No tenía ganas de comer. Se me había atragantado el jamón y tenía una bola en el estómago. Me hubiera ido a casa para llorar a gusto, pero no podía dejar a mi hija tirada en esas condiciones. Llegó Manolo y no supe qué pedir.
– Mi madre, ya sabes, las cocochas. Yo, sin embargo, esta vez voy a probar la fritura. Media fritura y una ensalada con ventresca.
Pasé un buen rato en silencio, tratando de asimilar la noticia, sorprendida de mi reacción, compadeciéndome de mí misma. Me sentía ridícula exhibiendo ese ataque de celos ante mi propia hija. ¿Celos o envidia? Cuánto me gustaría tomarme una revancha. Decirle: «¿Sabes, Claudia? Me voy a casar con un hombre veinte años más joven que yo». ¿Qué tal les sentaría a los dos? Me temo que a Benjamín le importaría un carajo, pero a Claudia estoy segura de que le espantaría ver a su madre colgada del brazo de un probable buscavidas.
Parece que fue ayer, pero ha pasado mucho tiempo desde que mi marido me comunicó solemnemente que se iba de casa, que no me preocupase porque no pensaba llevarse ni un cuadro ni un libro ni un alfiler, que me lo dejaba todo, que correría con los gastos de Claudia y que no dudase en pedirle cuanto fuera necesario, que me seguía queriendo a su manera, pero que necesitaba alejarse de mí, porque le asfixiaba. Al principio, me sentí profundamente humillada, pero años más tarde he comprendido que tenía razón. Mis celos eran tan patológicos como su promiscuidad. Lo que no soy capaz de recordar es quién empezó primero, si yo con mis susceptibilidades o él con sus deseos incontrolables de nuevas aventuras amorosas. En cualquier caso, por muy doloroso que fuera, nuestra relación se hizo añicos y no hubo manera de recomponerla.

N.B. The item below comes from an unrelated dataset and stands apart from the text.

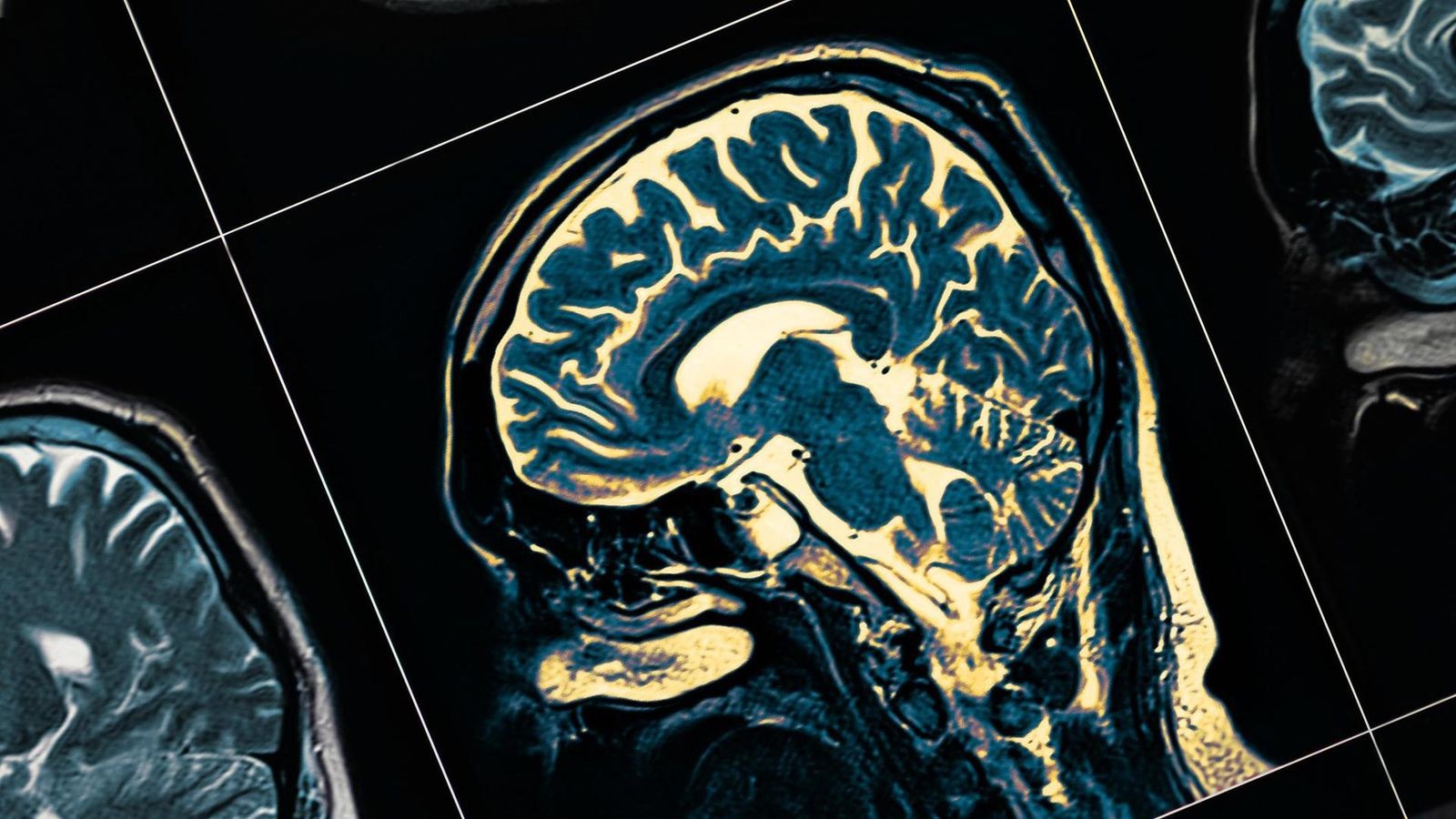 Gehirnalterung beschleunigt: Forscher entdecken Ursache für psychische Erkrankungen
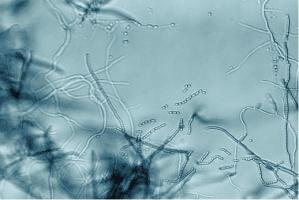 Cette bactérie qui vit dans « la poussière » démontre une activité anticancéreuse puissante, sélective contre les cellules de mélanome. Cette bactérie qui vit dans « la poussière » démontre une activité anticancéreuse puissante, sélective contre les cellules de mélanome.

A estas alturas no debería importarme con quién esté y, sin embargo, me importa.
– Te pido disculpas -le dije en el tono más conciliador posible-, pero es que ha sido una sorpresa muy fuerte. Dejémoslo y cuéntame una cosa. No creas que estuve fisgoneando, pero el otro día, cuando fui a dar la comida a Kevin, vi unas fotos tuyas con Mario Peña.
– ¡Estuviste curioseando!
– Bueno, las vi, porque están bien a la vista. ¿Sales con él o algo parecido?
– Sí, estamos trabajando juntos en esta serie y es un buen amigo.
– ¿Muy bueno?
– Sí, en realidad, es mi pareja.
– ¿Por qué tú tampoco me cuentas nada?
– ¿Quieres saber por qué, mamá…? ¿Quieres saberlo?
– Sí, me gustaría saber por qué no tienes confianza conmigo.
– Porque nunca te tomas las cosas con naturalidad, porque cualquier cosa que pueda decir te resulta inquietante, te produce miedos, temores, sospechas… Supongo que Mario tiene el inconveniente de ser hijo de Andrea. Papá me ha dicho que odiabas a Andrea. Tengo que armarme de valor para decirte que quiero a su hijo. Está bien, ya te lo he dicho: le quiero. Y me gustaría que Mario fuera algo serio en mi vida, pero te juro que no quiero perturbarte lo más mínimo. Que me encantaría que le conocieses y te llevaras tan bien como él se lleva con su padre.